The trends we’ve seen in recent years are only accelerating:
- There is a shift from people working for decades at one company to a highly mobile workforce remaining at one company for < 4 years or working brief contracting stints. The workers of the future need new skills to continually market themselves in a highly competitive, fast changing job market.
- The rapid pace of corporate merger & acquisition activity, restructurings, spin-offs, and, yes, shorter tenures in the executive suite too makes for uncertain futures for workers caught up in the changes.
- Industry’s ongoing efforts to automate work and find ever cheaper labor solutions will continue to displace workers and render some jobs obsolete.
Employers are finding that hiring contractors with specialized skills for specific time limited projects and roles helps them be more agile in response to changing global market conditions. This practice also saves the costs of carrying employees with their expensive associated overhead (hiring, training, benefits, etc.). This trend will translate into a strong demand for the right workers, hence the anticipated tsunami of contract workers.
What can today’s workers do to come through the tsunami with a promising future whether they are employees or contractors? Here are the 3 things for the career minded executive, manager, or professional to do NOW to stay relevant:
- Figure out what your personal brand is: the job or contract you want to be positioned for, your target industry, your target level (senior director, Vice President, CIO etc.), your brand ROI (unique promise of value), your personal goals, values, and attributes – in short, what you bring to the table for your future employer.
The REASON this is more important than ever is that in an independent contracting environment you will be marketing yourself as your own brand. That means differentiating yourself from the competition, promoting your competitive advantage, and establishing your value-added worth in the market. (See more about branding in this blog and here).
- Once you have articulated your brand, develop your “proof”: those examples of and stories about how you do what you do best for the organization. They are the currency of your brand and demonstrate in a concrete way how you bring and add value to projects. The best way to so this is to follow the C-A-R formula: Challenge (or Situation) – Actions – Results.

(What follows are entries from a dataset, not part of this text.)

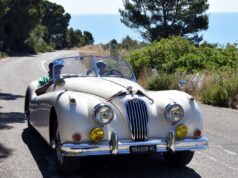 Motori d’epoca pronti a tornare protagonisti sul Gargano torna “Targa di Capitanata”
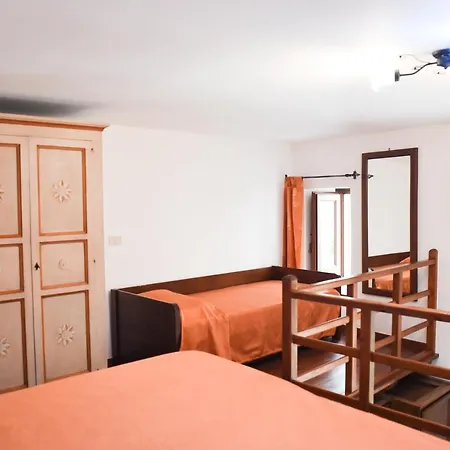 Marina Corta Apart Otel Lipari (Isola Lipari)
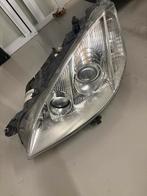 W221 S-Klasse bixenon Linker Koplamp, Auto-onderdelen, Ophalen of Verzenden, Gebruikt, Mercedes-Benz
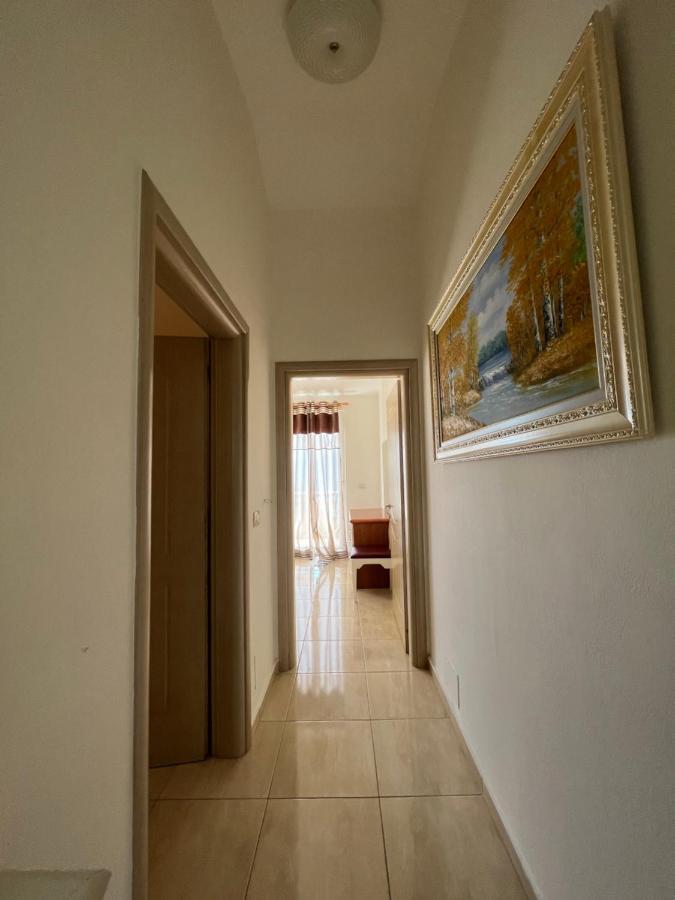 Apartments Wonderful Bay Saranda Kültér fotó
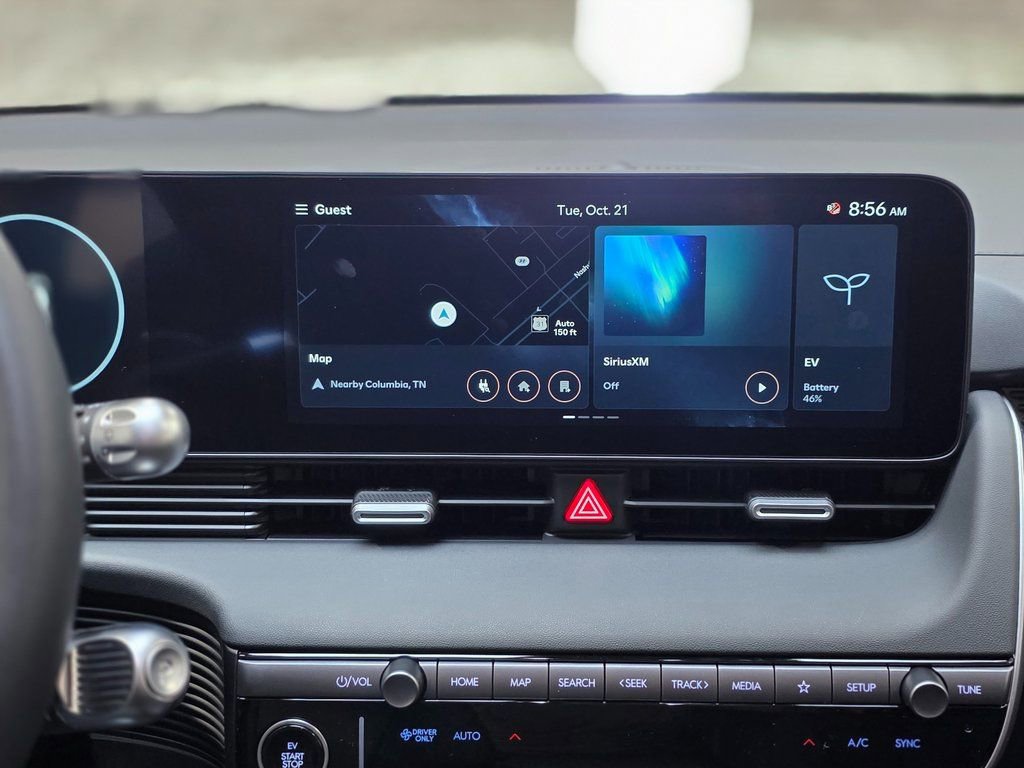 New 2026 Hyundai Ioniq 5 SEL image 19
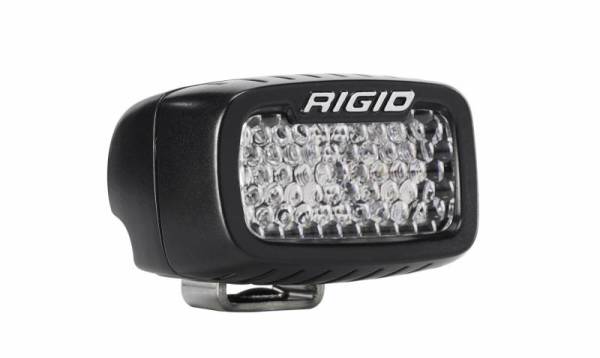 Rigid Industries - Rigid Industries 902513 SR-M Series Pro Diffused Spot Light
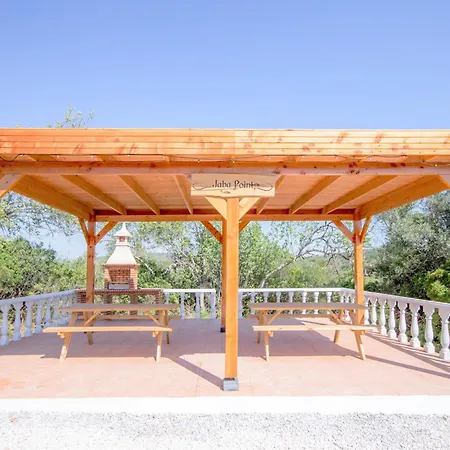 Casa Branca - Private&exclusive Holiday Village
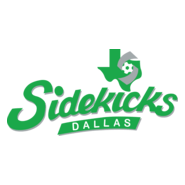 Dallas Sidekicks 2016 Logo PNG Vector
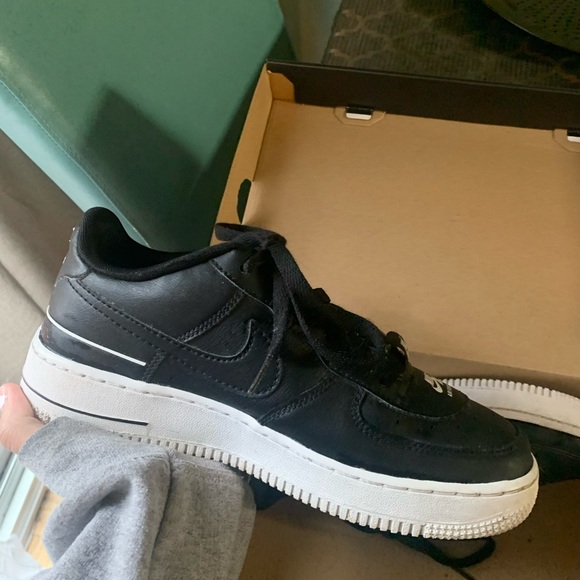 LOW DOUBLE AF1 - Picture 3 of 6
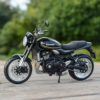 Original Moto A Escala 1:12 Kawasaki Z900rs - Imagen 6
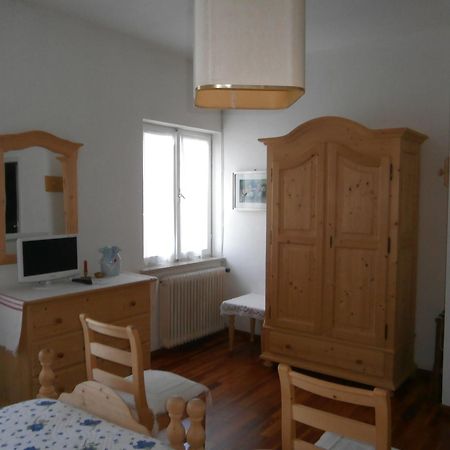 Hotel Due Pini Baselga di Pine Luaran gambar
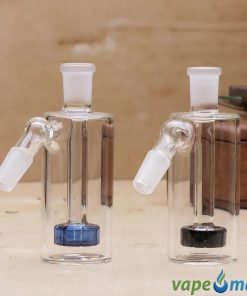 Glass Ash Catcher
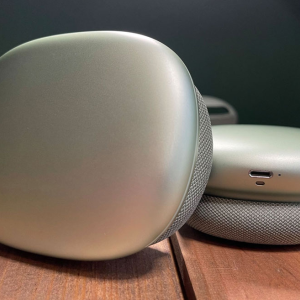 هدفون بلوتوث اپل ایرپاد مکس Apple Airpods Max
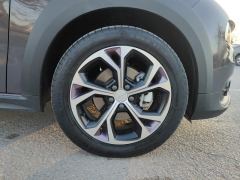 Lynk & Co 02 1.5T DCT Shine Plus - ფოტო 6
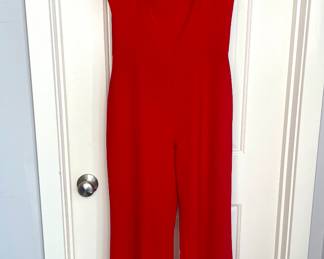 French Connection jumpsuit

The REASON to develop these stories is that they will convey better than any summary, statement, or statistic how you do what you do and why it’s helped the organizations you’ve worked for. You will be making it easy for the employer to grasp why you should be hired for a contract or a job. Stories become a way for people to share information about you. They are memorable and usually have a human, personal, or emotional element. Look for a coming blog post here giving an excellent example of how this works in practice.
- Then start pursuing the practices that will ideally become a way of life throughout your career: actively expressing your brand. Do this in your resume and your LinkedIn profile. Develop a presence on the Internet more broadly: social media, blogs, your own website, etc. Promote your brand internally to your company. And continue to network in person and online.
The REASON this is important is that employers seeking contract workers will be scouring the Internet, asking their employees about referrals, and networking to uncover good candidates. That’s what you would do if you were going to hire a lawyer, a solar energy
installer, or a home health care nurse. With so much competition you have to stand out (see #s 1 & 2 above ). You can’t afford to be invisible in the work world of the future.
Although preparing in this way now for your future employment may seem daunting, there are plenty of career and branding professionals, blog posts, and websites to help you with each one of these activities. It will pay off for you not just in terms of getting a contract or job or securing a higher compensation but in terms of long-term work satisfaction and excellent work prospects.